Analytical approach:
The analysis was based on a discrete-event simulation with a five-year time horizon. The authors stated that the analysis took the perspective of the UK health care payer.
Effectiveness data:
The sources included various double-blind, randomised, placebo-controlled trials, published meta-analyses, and other studies. In particular, baseline risk was based on the placebo arms of various quetiapine clinical trials, while relative risk was taken from two published meta-analyses. Given the lack of head-to-head comparisons for some drugs, indirect comparisons were made using lithium as common comparator. Side-effects were from published trials. The primary end point was the efficacy of treatment, which was modelled based on the relative risk of events with active pharmacological therapy compared with placebo.

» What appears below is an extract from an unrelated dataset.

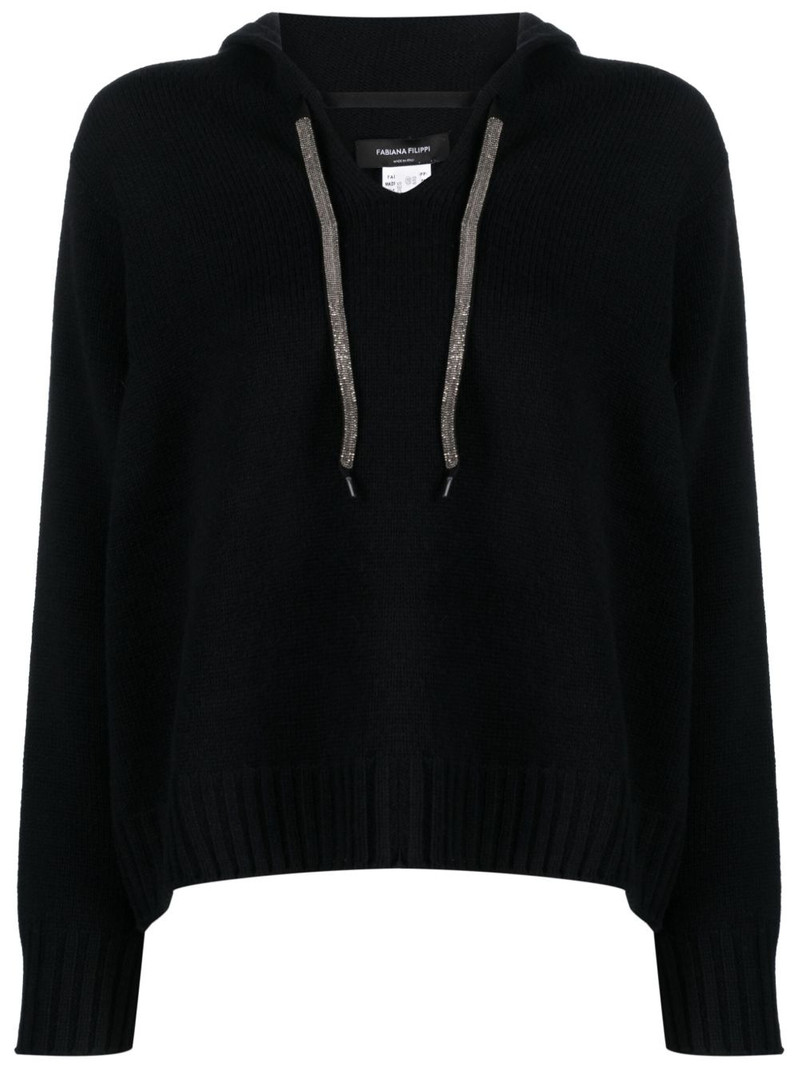 hooded V-neck jumper 1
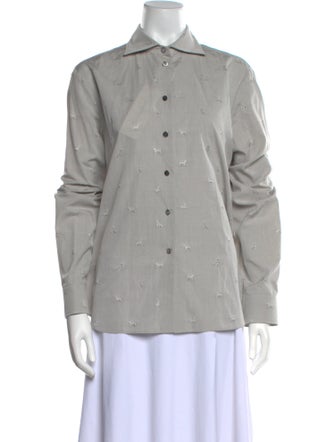 Giorgio Armani Long Sleeve Button-Up Top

Monetary benefit and utility valuations:
The utility values were from published studies that were identified through a literature review. One of the key sources elicited the utility estimates from patients using the standard gamble method. Another source used the European Quality of life (EQ-5D) instrument and UK tariffs.
Measure of benefit:
Quality-adjusted life-years (QALYs) were the summary benefit measure and were discounted at an annual rate of 3.5%.
Cost data:
The economic analysis included the costs of drugs and the direct medical costs associated with the treatment of mood events (mania, depression, and remission) and the management of selected adverse events (weight gain and extrapyramidal symptoms). The quantities of resources used were based on clinical trials and a National Institute for Health and Clinical Excellence (NICE) guideline on bipolar disorder. This latter source was used to derive some of the unit costs. Drug costs were taken from the UK NHS Electronic Drug Tariff. Costs were in UK £. The price year was 2011. A 3.5% annual discount rate was applied.
Analysis of uncertainty:
One-way sensitivity analyses were carried out to see how robust the model outcomes were to variations in selected inputs such as costs, start age, time horizon, treatment duration, disutilities and costs of discontinuation and adverse events, dosage of quetiapine and quetiapine as additional therapy. Indirect costs associated with sick leave were included in a sensitivity analysis, using data from a published study. A probabilistic sensitivity analysis was carried out by assigning distributions to the model inputs, excluding unit costs, which were generally based on fixed estimates from price lists.